From his standpoint, two treaties were adopted in 1996, notably the WIPO Copyrights Treaty (WCT) and the WIPO Performances and Phonograms Treaty (WPPT). The two Agreements aimed at adapting the rights of authors (WCT) and the rights of performers & producers of phonograms (WPPT) to digital era.
He declared that performers and producers are not the only beneficiaries of neighboring rights. Broadcasters also enjoy these rights in many countries while others do not. But beyond these legislative specificities, there was the question of how to adapt the rights of broadcasting organizations to the digital, and how to address the crucial issue of piracy.
Admittedly, Mr Dieng disclosed that in the past, there were high-level meetings focused on procedural issues. A group conducted by the former president of the Standing Committee on Copyright and Related Rights (SCCR), now Director General of WIPO worked on this question by listening to Member States. At the end of these discussions, the group entrusted four experts led by Mr. Jukka Liedes, with the task of formulating proposals to move the file forward.
Despite these efforts, he also regreted the fact the Covid-19 pandemic did not allow for substential in-person discussions.
For the moment, the Draft Treaty does not bind any State, but stands as « A text of the president», Mr Diend underlined.
On another note, Mr Jukka Liedes explained the general aspects of the draft treaty. See Revised DRAFT).
To him, the ambitions of the experts was to draft a clear text, without square brackets, alternatives and options. The whole document and provisions have been equiped by the explanatory notes. The published version of the draft treaty has 18 articles. But in the final version, when the work has once started, there will be some 28 articles. These articles will content the final and administrative provisions that regulate the role of the secretariat. Moreover, there will be provisions on the signature.

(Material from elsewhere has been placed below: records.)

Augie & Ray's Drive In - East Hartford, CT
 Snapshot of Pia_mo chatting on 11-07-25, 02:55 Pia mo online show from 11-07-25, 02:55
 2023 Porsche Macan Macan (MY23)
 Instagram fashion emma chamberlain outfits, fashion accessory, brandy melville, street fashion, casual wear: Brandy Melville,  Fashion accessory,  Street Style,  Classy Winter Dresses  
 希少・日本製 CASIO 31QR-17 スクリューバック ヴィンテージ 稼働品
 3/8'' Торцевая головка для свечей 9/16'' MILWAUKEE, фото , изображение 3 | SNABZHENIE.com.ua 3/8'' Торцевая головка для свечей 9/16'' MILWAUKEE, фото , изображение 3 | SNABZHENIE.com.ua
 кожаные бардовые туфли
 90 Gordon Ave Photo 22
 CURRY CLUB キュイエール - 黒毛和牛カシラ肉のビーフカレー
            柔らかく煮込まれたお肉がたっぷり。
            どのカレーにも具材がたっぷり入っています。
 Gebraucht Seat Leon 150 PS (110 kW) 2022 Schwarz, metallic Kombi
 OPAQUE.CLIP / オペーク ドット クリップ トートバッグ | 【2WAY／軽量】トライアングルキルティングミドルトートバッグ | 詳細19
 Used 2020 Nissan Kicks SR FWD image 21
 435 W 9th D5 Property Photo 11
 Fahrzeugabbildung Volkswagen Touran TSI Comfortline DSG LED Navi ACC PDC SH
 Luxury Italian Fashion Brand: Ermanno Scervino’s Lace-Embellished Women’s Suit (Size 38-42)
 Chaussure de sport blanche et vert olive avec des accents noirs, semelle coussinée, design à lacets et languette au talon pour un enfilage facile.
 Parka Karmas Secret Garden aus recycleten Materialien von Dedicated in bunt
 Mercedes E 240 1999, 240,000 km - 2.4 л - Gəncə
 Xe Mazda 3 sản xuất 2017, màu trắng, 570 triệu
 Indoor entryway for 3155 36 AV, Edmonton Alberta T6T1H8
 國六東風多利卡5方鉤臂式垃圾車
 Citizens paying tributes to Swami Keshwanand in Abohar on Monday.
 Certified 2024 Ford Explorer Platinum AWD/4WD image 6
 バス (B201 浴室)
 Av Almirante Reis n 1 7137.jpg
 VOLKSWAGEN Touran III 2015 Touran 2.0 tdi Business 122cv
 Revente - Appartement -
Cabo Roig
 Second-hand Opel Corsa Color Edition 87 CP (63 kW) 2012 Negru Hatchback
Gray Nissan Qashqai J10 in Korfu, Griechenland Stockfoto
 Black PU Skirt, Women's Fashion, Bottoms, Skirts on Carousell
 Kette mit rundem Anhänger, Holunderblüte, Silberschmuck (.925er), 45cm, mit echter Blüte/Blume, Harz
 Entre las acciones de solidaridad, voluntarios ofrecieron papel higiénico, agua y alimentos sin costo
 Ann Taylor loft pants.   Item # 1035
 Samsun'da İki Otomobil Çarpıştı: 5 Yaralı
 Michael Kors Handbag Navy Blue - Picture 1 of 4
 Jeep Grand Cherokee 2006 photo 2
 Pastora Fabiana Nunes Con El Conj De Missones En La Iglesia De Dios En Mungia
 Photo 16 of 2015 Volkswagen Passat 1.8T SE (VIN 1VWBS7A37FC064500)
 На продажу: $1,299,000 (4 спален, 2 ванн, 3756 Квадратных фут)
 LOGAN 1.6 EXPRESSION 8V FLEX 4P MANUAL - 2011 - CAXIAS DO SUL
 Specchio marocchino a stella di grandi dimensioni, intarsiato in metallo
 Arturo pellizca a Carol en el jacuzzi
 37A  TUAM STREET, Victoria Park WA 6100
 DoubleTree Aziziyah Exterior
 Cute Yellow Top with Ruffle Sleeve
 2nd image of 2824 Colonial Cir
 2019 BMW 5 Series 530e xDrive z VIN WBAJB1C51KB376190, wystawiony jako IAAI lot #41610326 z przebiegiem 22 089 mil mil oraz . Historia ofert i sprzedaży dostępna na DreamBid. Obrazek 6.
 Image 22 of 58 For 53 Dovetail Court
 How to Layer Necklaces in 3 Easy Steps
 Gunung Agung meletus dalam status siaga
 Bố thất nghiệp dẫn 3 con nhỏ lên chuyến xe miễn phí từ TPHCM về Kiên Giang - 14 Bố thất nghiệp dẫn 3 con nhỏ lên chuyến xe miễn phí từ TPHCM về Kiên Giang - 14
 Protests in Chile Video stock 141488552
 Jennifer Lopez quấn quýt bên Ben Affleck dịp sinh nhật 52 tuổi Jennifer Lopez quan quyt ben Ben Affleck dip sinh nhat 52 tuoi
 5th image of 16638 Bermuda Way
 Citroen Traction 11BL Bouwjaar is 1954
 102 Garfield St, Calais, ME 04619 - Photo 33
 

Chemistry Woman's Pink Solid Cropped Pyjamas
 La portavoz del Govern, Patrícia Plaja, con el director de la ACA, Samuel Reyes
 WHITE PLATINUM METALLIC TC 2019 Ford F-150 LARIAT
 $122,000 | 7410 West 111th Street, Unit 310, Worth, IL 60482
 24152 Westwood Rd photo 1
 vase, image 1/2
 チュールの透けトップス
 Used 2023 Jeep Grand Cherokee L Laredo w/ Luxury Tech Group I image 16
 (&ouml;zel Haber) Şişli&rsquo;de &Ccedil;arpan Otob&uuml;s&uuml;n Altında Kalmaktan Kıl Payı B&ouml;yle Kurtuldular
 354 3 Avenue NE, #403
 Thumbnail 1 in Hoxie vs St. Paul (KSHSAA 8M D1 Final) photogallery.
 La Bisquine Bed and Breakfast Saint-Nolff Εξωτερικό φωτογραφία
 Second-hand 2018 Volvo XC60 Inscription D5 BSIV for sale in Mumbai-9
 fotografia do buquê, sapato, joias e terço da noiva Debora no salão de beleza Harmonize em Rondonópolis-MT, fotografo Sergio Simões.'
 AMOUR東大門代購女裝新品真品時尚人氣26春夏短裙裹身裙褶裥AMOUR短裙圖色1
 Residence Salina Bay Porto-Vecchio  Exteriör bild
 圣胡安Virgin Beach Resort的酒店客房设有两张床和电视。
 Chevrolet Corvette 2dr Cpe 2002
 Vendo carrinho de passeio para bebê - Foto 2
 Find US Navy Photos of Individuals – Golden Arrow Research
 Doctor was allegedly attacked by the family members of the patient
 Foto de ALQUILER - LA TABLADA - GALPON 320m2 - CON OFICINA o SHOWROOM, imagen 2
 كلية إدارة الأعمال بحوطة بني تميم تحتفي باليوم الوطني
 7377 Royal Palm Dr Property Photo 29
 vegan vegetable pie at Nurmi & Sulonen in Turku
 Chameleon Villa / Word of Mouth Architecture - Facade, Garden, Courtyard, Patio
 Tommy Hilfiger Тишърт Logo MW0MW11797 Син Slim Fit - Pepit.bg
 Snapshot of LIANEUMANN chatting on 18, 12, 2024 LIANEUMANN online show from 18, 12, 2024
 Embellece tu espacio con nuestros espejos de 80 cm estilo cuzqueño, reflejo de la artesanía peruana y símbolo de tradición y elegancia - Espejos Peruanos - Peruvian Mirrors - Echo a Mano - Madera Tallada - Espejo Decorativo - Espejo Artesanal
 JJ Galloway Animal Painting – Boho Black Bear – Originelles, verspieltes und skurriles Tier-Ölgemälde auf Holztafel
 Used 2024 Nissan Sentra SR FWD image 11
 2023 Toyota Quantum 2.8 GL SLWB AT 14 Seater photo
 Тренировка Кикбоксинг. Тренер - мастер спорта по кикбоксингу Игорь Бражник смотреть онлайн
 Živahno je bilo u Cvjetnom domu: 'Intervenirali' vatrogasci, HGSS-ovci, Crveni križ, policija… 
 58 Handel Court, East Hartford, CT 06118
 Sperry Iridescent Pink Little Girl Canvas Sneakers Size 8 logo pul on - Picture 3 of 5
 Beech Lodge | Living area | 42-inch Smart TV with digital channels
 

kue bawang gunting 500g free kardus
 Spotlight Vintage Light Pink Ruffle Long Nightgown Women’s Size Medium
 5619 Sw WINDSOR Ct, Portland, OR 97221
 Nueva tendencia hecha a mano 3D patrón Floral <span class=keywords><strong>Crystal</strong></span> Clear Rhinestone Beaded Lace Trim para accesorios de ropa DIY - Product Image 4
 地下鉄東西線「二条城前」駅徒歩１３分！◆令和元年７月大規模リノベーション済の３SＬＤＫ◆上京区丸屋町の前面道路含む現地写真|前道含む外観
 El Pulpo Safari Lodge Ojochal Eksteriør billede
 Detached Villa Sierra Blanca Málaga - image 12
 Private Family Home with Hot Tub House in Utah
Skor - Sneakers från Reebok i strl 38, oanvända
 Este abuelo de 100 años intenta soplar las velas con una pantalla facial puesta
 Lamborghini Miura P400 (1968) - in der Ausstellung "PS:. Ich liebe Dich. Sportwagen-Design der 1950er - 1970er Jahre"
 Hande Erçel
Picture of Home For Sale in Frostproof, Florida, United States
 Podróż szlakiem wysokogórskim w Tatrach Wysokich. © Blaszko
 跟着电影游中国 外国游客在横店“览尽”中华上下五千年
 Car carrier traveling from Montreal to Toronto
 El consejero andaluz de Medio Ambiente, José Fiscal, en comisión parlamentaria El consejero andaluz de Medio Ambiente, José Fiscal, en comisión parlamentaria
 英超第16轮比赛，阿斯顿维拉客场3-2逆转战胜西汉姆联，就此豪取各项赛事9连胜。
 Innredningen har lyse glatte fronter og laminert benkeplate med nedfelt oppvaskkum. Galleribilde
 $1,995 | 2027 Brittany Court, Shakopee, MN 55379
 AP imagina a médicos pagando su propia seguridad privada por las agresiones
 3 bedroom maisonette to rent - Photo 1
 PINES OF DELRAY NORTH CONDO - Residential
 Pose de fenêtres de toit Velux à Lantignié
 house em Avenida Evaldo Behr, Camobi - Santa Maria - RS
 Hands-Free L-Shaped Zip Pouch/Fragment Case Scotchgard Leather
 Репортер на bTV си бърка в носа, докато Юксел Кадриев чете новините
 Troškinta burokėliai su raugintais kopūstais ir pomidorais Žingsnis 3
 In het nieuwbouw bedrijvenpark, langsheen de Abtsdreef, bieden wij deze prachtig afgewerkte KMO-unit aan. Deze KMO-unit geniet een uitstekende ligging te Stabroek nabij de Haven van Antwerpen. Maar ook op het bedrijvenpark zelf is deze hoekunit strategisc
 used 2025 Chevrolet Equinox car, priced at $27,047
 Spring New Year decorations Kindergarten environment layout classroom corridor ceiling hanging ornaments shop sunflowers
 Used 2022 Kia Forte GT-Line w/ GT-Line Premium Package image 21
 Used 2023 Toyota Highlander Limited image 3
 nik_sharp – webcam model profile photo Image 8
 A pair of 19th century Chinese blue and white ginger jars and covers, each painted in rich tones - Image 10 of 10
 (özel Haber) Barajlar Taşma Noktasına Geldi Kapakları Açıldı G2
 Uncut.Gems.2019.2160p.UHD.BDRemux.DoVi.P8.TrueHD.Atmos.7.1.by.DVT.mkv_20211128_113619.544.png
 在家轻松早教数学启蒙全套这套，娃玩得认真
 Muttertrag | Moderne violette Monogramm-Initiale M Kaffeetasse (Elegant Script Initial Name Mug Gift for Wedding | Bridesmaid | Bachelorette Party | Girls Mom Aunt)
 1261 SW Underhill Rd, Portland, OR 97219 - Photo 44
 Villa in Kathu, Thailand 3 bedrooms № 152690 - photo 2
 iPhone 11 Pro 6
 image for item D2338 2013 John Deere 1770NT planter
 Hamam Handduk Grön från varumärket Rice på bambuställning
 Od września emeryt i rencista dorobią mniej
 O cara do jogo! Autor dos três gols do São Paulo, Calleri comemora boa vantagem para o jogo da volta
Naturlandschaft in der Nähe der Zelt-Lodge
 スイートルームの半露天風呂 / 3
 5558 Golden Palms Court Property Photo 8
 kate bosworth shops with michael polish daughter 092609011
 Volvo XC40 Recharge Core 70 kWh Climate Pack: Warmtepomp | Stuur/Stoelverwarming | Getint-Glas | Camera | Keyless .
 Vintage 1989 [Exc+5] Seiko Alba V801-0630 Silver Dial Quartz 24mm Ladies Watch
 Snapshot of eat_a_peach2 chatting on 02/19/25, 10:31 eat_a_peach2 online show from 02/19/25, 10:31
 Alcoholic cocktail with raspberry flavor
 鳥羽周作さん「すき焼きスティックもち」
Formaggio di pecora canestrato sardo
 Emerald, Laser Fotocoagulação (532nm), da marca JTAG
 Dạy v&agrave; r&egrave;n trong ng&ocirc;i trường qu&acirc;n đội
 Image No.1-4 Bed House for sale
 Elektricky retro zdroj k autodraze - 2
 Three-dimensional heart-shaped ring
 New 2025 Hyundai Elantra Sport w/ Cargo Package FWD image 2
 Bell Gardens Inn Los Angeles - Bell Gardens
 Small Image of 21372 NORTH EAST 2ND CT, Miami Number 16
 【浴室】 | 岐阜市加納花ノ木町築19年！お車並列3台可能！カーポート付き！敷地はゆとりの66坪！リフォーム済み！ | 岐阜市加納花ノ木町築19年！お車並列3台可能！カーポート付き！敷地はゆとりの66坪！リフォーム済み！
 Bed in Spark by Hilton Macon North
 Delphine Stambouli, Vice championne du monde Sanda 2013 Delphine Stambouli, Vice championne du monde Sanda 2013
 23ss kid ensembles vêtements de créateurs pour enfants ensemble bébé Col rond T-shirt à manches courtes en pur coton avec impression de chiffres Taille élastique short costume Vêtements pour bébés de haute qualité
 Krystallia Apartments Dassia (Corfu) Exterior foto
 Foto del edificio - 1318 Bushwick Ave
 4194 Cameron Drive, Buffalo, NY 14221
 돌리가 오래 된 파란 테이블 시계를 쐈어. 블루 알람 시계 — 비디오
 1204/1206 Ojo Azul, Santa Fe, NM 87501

At first glance, one can see in the action of the legislator a clear desire to strengthen the tools of protection. At the start of the preamble, the legislator is concerned with developing and maintaining in force the international protection of the rights of broadcasting organizations. «We have therefore moved from the stage of “desire to develop and ensure the protection of rights…” as stipulated by the WPPT to a real commitment to development and consolidation of achievements, Mr Ndjaka said. Mrs Gisele Nnemi Ngah, Senior Journalist with the Cameroon Radio Television found the document pretty rich in terms of content proposal.
Mrs Margaret Ochieng, Senior Legal Office at the Kenya Broadcasting Corportation went further asking more elements of understanding on Article 17.1 which stipulates that Contracting Parties undertake to adopt, in accordance with their legal systems, the measures necessary to ensure the application of the Draft Treaty. «The Text lays down a certain number of prerequisites but does not oblige anyone to submit to these prerequisites. What could happen is that at the state level, we could have previous texts going against what has been proposed, Mrs Nnemi Ngah asked.
If these measures are not adopted beforehand by the contracting parties, she added, can these parties nevertheless ratify the treaty which will still be adopted at the end of the diplomatic conference ?
To dispel doubts on the rights and obligations of contracting parties, expert Jukka urged participants to refer to Article 3 of the draft treaty.
Members also expressed worries on ownership of Programs produced by individuals working with broadcasting organizations as external collaborators.
The rights of products in a program are one thing, the rights of broadcasting organizations in the signal are another thing. Naturally, the contents are protected and the rightsholders can be persons who are not broadcasting organizations, Mr Jukka explained. Participants were encouraged to get in contact with WIPO Experts in case of blocage on the Draft Treaty.
- Pave the way to the Diplomatic Conference on the protection of broadcasting organizations
- Looking foward to the adoption of the Draft Text.